Как девственник. Как для себя одного.
Когда я думаю, на что это было похоже, вспоминаю, как шести лет от роду мама привела меня в музыкальную школу — за ручку. Виолончель вначале показалась огромной, она и в самом деле была больше меня самого, но когда я услышал её звук, испугался по-настоящему. Так испугался, что наделал в штаны. Я даже не помню, что именно из стандартного виолончельного репертуара произвело неизгладимое впечатление на неокрепшую детскую душу. Помню, что было очень, очень страшно. Я буквально усрался от страха, и меня с позором увели домой.

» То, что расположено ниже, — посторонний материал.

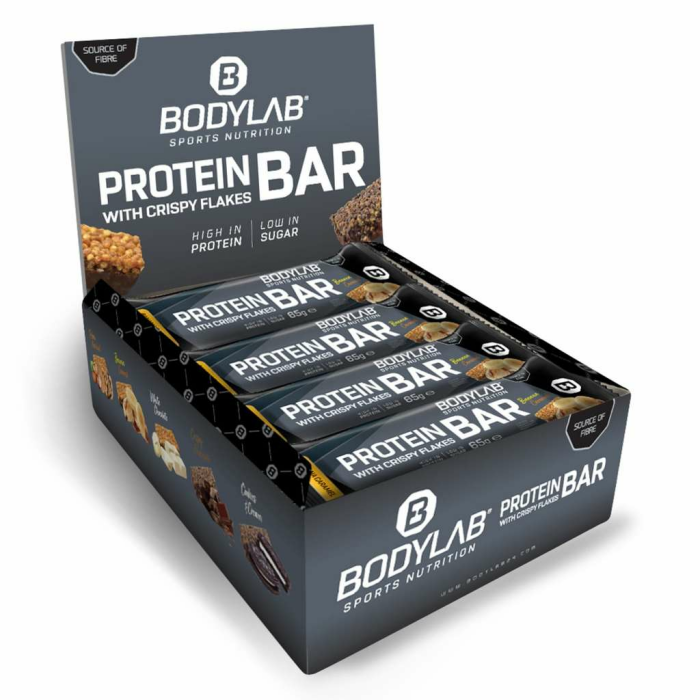 50% Februar-Sale bei Bodylab. .B. 12x 65g Crispy Protein Bar für 11,25€ + 4,90€ Versandkosten (ab 80€ kostenloser Versand)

В тот день я понял, что буду играть на этом страшном инструменте и стану с ним жить.
Так и вышло.
И тот факт, что после всех наград, фестивалей, пластинок я остался в меньшинстве — на ступеньках Дизенгоф-центра, ничего не меняет.
Совершенно ничего не меняет.
— Вот ведь заладил… — вмешивается Ран. — Возьми орешек.
— Совершенно. Ничего. Не меняет, — твердит Маэстро Шимон.
Ран поднимается с места, тщетно пытаясь прикрыть ладонью зевок — щедрый, растянувший лицо вдоль и поперёк — как резиновое. С улицы доносится резкий звук автомобильного клаксона.
Пустые пивные бутылки катятся под ноги, позванивая, как турецкие колокольчики из увертюры к «Сералю».
Уважаемый Господь Бог!
Раз уж мы с папой решили поехать в Иерусалим, напишу тебе письмо, хоть и знаю, что это ужасно глупо.
Можно было бы, конечно, сделать проще: бросить конверт в море или в мусорный ящик. Или сжечь в маминой пепельнице — куда приятнее, чем комкать бумагу и пропихивать её в щель между святыми камнями.
Но я так редко бываю в Иерусалиме, что подумал: почему бы и нет? Давно хотел написать, много раз начинал и — бросал. Глупо, конечно.
Вот если бы мне было девять лет — дело другое, все пишут Господу в девять лет и думают, что там, наверху, кому-то есть дело до их глупостей. Но мне-то уже четырнадцать, в моём возрасте нужно быть полным остолопом, чтобы верить в подобную чушь!
Хотя — если никто не узнает, то этого как бы и не было. И я вроде — не остолоп.